Exercise requirements - Print the listing below a second time, exactly, and omit its images.

Exercise data -

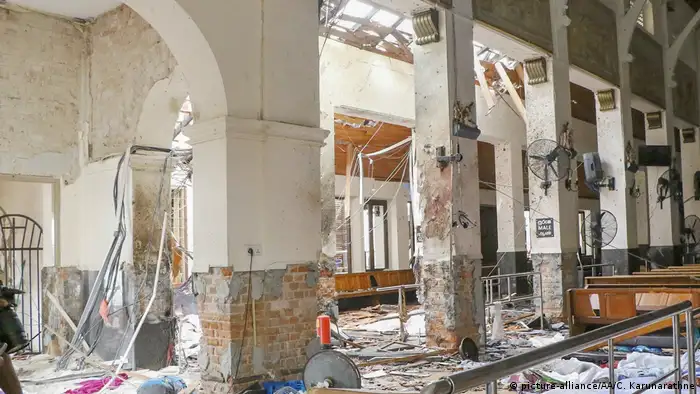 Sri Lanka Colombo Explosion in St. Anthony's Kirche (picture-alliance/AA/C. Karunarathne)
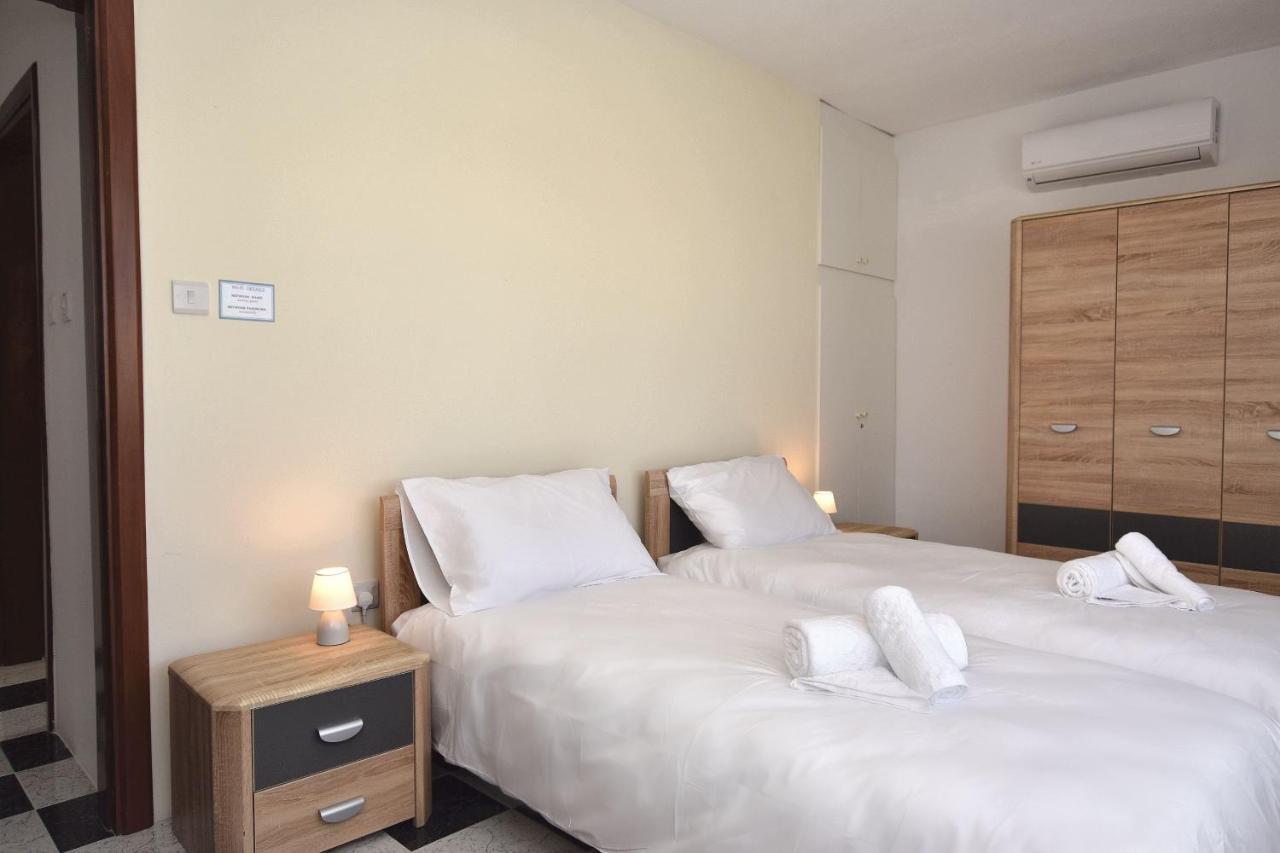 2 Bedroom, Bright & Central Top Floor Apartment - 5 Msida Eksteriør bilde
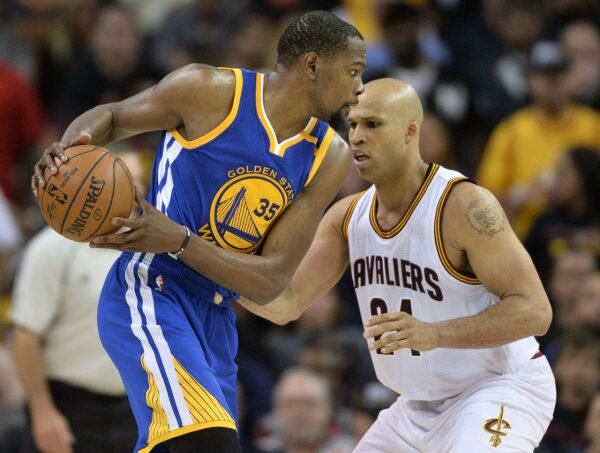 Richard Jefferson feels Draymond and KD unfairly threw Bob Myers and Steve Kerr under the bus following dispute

Result -
 Sri Lanka Colombo Explosion in St. Anthony's Kirche (picture-alliance/AA/C. Karunarathne)
 2 Bedroom, Bright & Central Top Floor Apartment - 5 Msida Eksteriør bilde
 Richard Jefferson feels Draymond and KD unfairly threw Bob Myers and Steve Kerr under the bus following dispute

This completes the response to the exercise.